HOW TO CREATE A GREAT DIGITAL, HUMAN EXPERIENCE
HOW TO CREATE A GREAT DIGITAL, HUMAN EXPERIENCE
As the Director of The Customer Experience Company, I’m often asked a common question: ‘How do I improve our digital customer experience?’.
It’s a great example of why asking the right question is so important. Digital strategies are likely to be at the core of most customer experience strategies, and rightly so. But don’t fall into the trap of thinking that customers care about channels – they don’t!
As customers, we think about the outcome we are trying to achieve – go on that holiday, buy that house, pay that bill. If an organisation manages and designs customer service or full experiences separately in each channel, it will be a poor, fragmented and expensive outcome.

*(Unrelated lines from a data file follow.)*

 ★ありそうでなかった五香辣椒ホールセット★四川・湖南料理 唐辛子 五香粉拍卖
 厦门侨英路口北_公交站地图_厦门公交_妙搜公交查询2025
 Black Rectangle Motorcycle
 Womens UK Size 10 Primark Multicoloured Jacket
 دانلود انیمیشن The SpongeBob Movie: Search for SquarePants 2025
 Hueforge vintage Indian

Customer journeys may have been around 10 years or so now, and although they work as design tools, siloed experiences are still common. Even in a ‘digital first’ world, most organisations still need multiple channels to deliver great sales and service, yet most organisations operate with their people and technology in siloed channels. So, how to address that?

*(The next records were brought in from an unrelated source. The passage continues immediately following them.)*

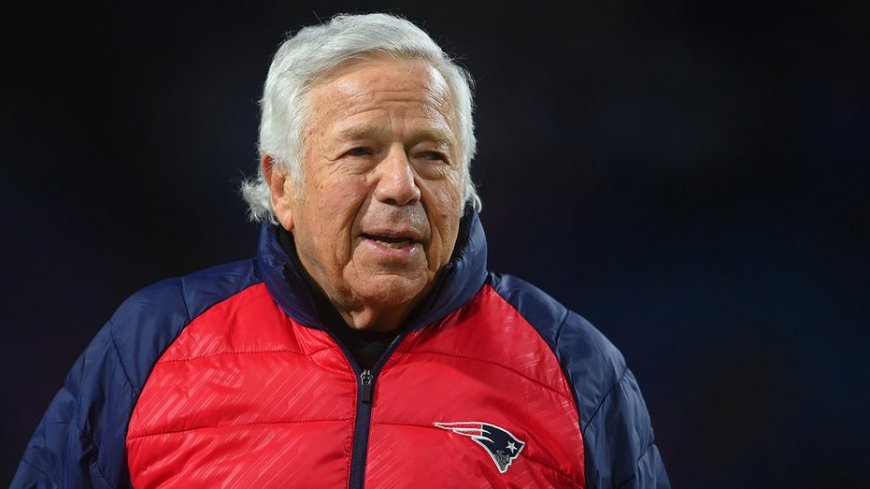 Patriots owner Robert Kraft reveals how Tom Brady broke the news of his departure from team --[Reported by Umva mag]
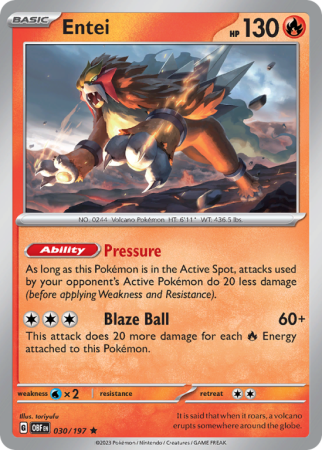 Entei 30/197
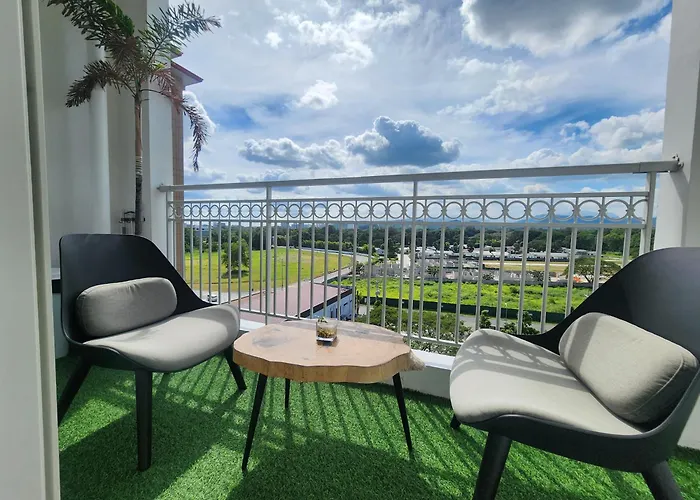 Private Rooms In M Stay Clark Terrace Building Near Midori, Swissotel, And Clark Airport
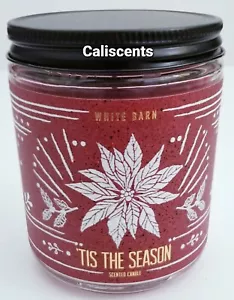 Bath & Body Works TIS THE SEASON 1Wick Medium Jar Scented Candle 7 oz X1 - Picture 1 of 2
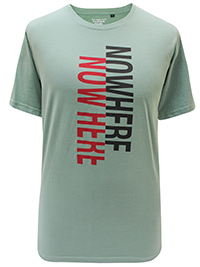 SAGE Mens Combed Cotton Slogan T-Shirt - Size L to XXL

1. DESIGN EXPERIENCES IN HOLISTIC CUSTOMER JOURNEYS
I’ll assume you know what these are and are already using them for conceptually better experiences. But somehow the reality doesn’t quite meet what’s on paper. So…

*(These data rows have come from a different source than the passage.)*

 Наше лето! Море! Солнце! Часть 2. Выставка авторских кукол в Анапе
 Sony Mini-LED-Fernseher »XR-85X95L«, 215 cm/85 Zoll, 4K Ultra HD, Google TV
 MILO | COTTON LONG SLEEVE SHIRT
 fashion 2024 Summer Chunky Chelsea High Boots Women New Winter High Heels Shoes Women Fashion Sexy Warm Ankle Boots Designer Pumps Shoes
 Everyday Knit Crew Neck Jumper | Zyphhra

2. ASSIGN OWNERS OF JOURNEYS
As an organisational role, journey owners are relatively new. A few companies have them, and although the exact function varies, the point is that you have someone with at least moderate authority responsible for looking after what the customer is trying to achieve, end to end.
3. HAVE AN END TO END METHODOLOGY
Currently, most companies have a gap between two critical methodologies. Firstly, they have a customer design team or capability (or a partner that supplies those skills) that are experts in customer design methods. Secondly, they have mature project methods – either Agile or Waterfall, or both. But, as numerous books and articles show, these two methods don’t overlap. Result: the customer vision isn’t reliably translated into project requirements or outcomes. Fix this or watch multiple projects fail to achieve the dream.
4. UNIFY PLATFORMS
Here’s a simple example: your contact centre probably has a good knowledge tool to help answer customer queries, and that tool will have API’s or a digital capability. Separately, you probably have website FAQs and content which repeats the same knowledge, but it is maintained separately and is often inconsistent. The consequence is a fragmented and inconsistent customer experience that costs more to maintain. Be sure to unify.
5. REALISE BENEFITS
Done correctly, these steps lead to a win-win-win business outcome. Customers are happy and NPS climbs because better results are achieved with less effort. Employees are happy because they can see that they are delivering a better service and have fewer complexities and failures to manage. Business owners are happy because this all costs less to deliver, and leads to more sales. AMP’s recent customer transformation work displayed this win-win-win outcome and they have shared at public conferences.
So, remember to ask the right question by removing that one keyword that leads to internal silos – ‘digital’. Next time, ask: ‘How do I improve our digital customer experience?’.
Don’t panic by dropping ‘digital’ from your question – the strategy will be digitally focused regardless as that’s what customers need and is low cost. But the main lesson is to focus on the customer first, not the channel.